**Your task:**
When you reach the records below, output every one exactly as written but leave out any pictures.

(Collected data)

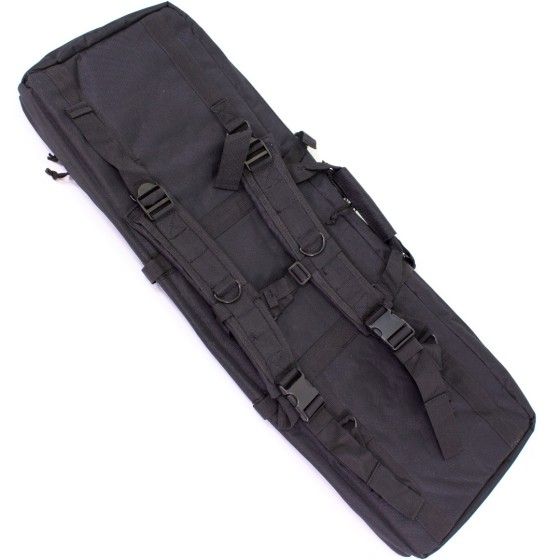 Nuprol NP PMC Premium 42" Rifle Bag 42in - Black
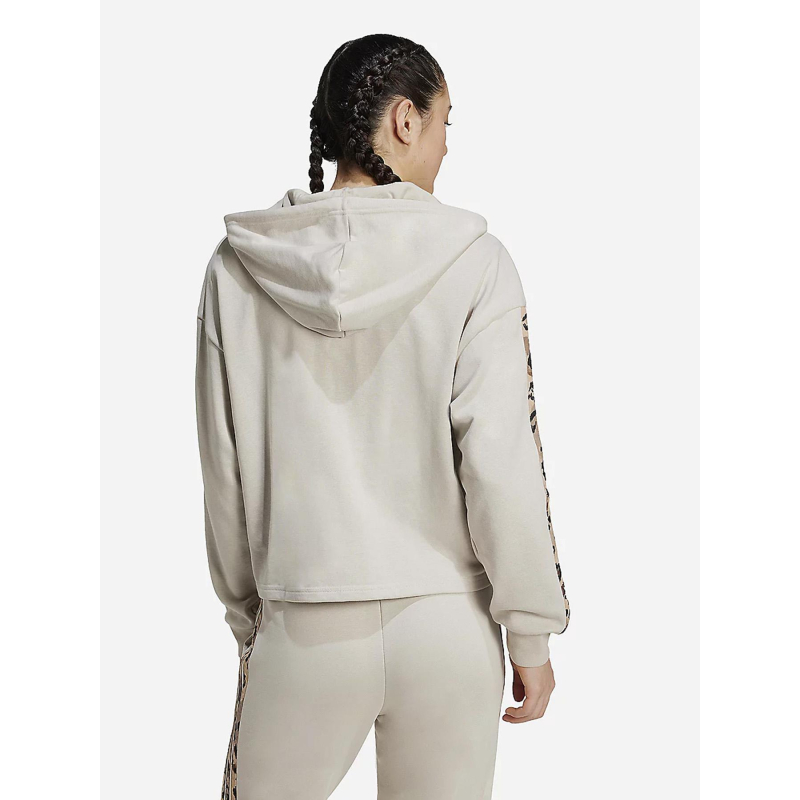 capuche femme adidas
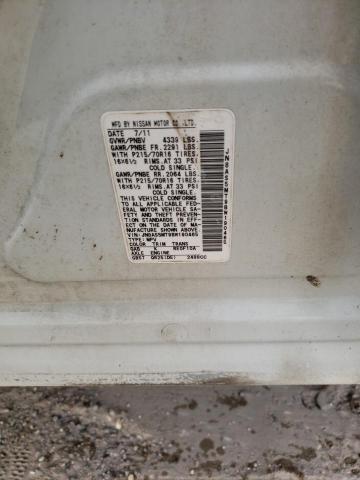 2011 NISSAN ROGUE S #3301763350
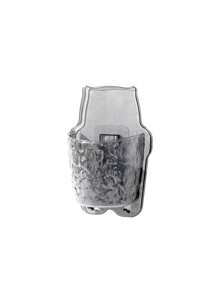 1pc Wall-Mounted Storage Box Bathroom Perforation-Free Storage Rack Toiletries Countertop Wall Cosmetics Storage Rack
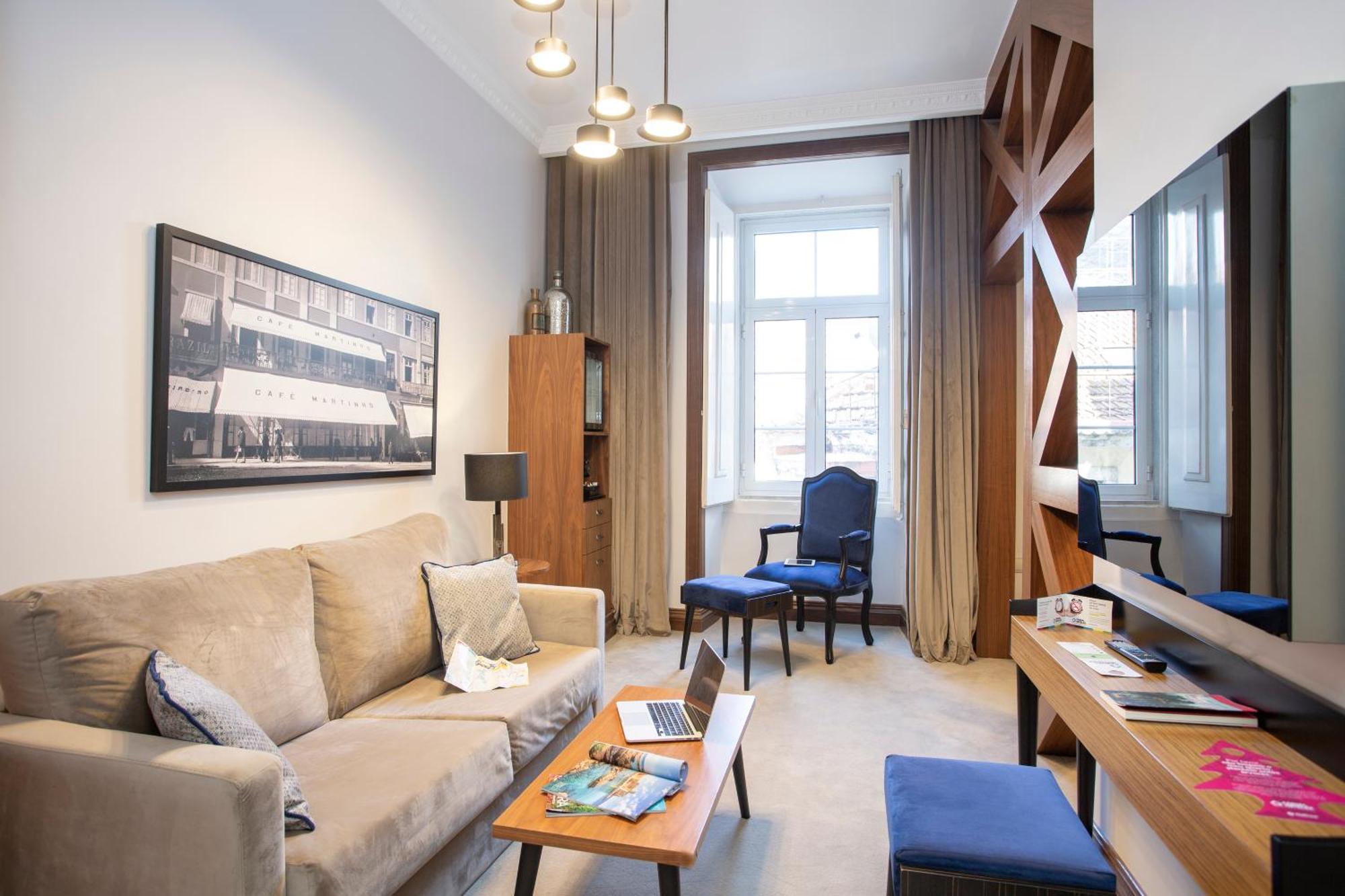 Casual Belle Epoque Hotel Lisboa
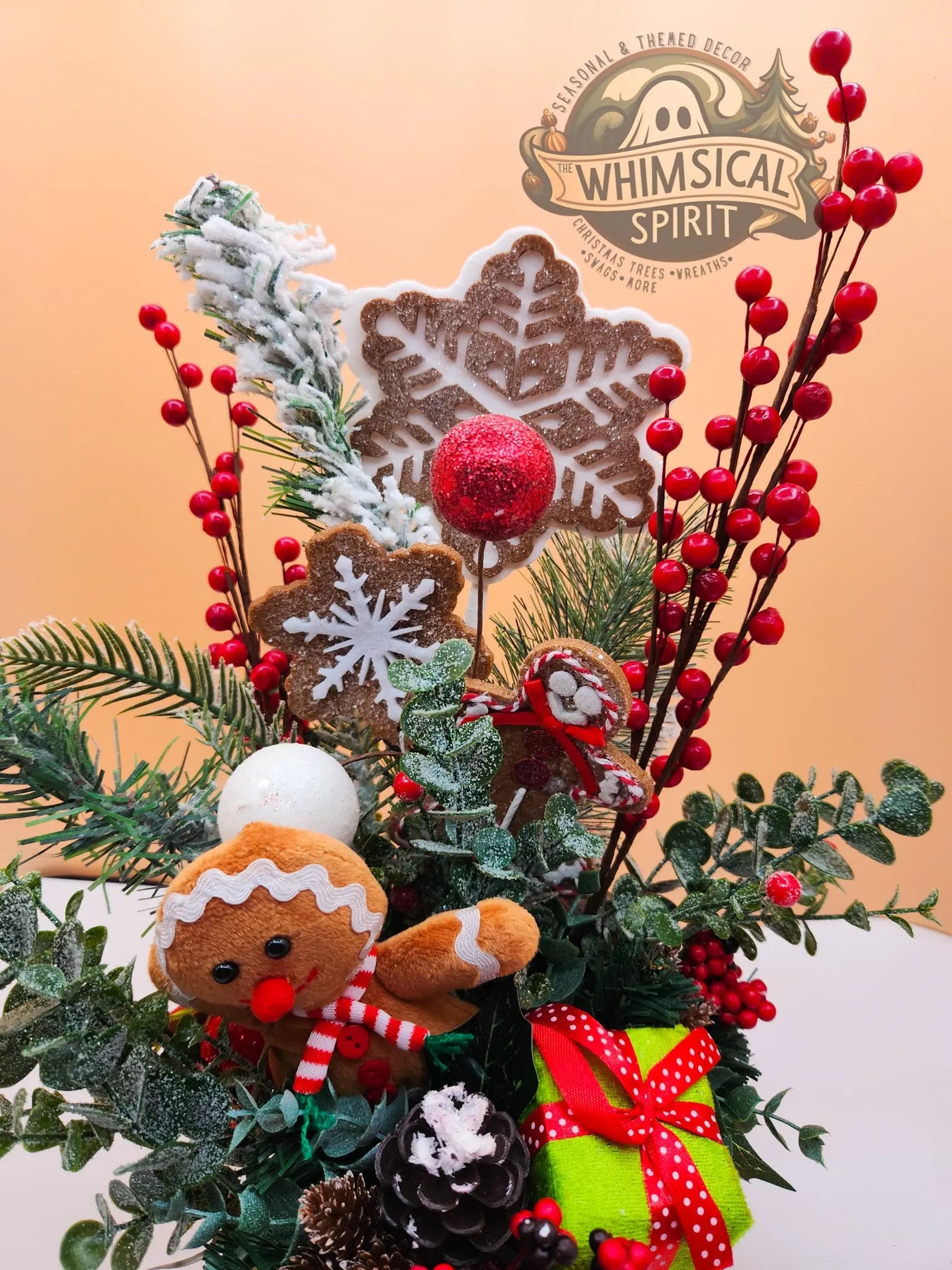 Merry & Molasses The Whimsical Spirit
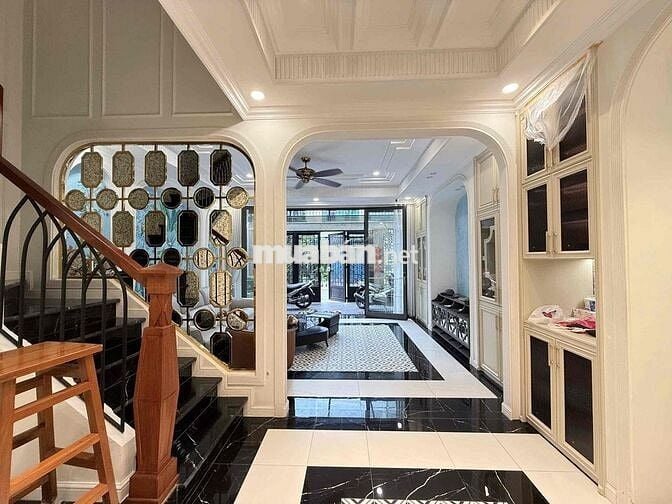 CHO THUÊ NHÀ PHỐ CAO CẤP MỚI 100% KHU DÂN CƯ JAMONA CITY QUẬN 7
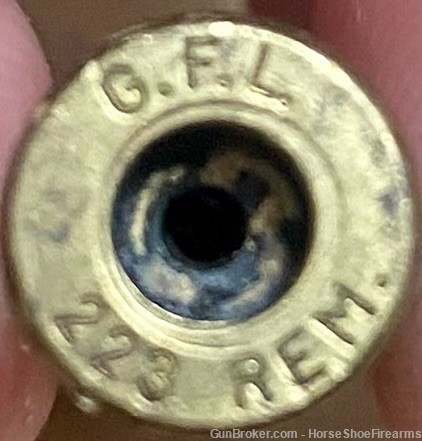 GFL .223 Remington Dummy Round w/o Primer-img-2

**Result for this task:**
 Nuprol NP PMC Premium 42" Rifle Bag 42in - Black
 capuche femme adidas
 2011 NISSAN ROGUE S #3301763350
 1pc Wall-Mounted Storage Box Bathroom Perforation-Free Storage Rack Toiletries Countertop Wall Cosmetics Storage Rack
 Casual Belle Epoque Hotel Lisboa
 Merry & Molasses The Whimsical Spirit
 CHO THUÊ NHÀ PHỐ CAO CẤP MỚI 100% KHU DÂN CƯ JAMONA CITY QUẬN 7
 GFL .223 Remington Dummy Round w/o Primer-img-2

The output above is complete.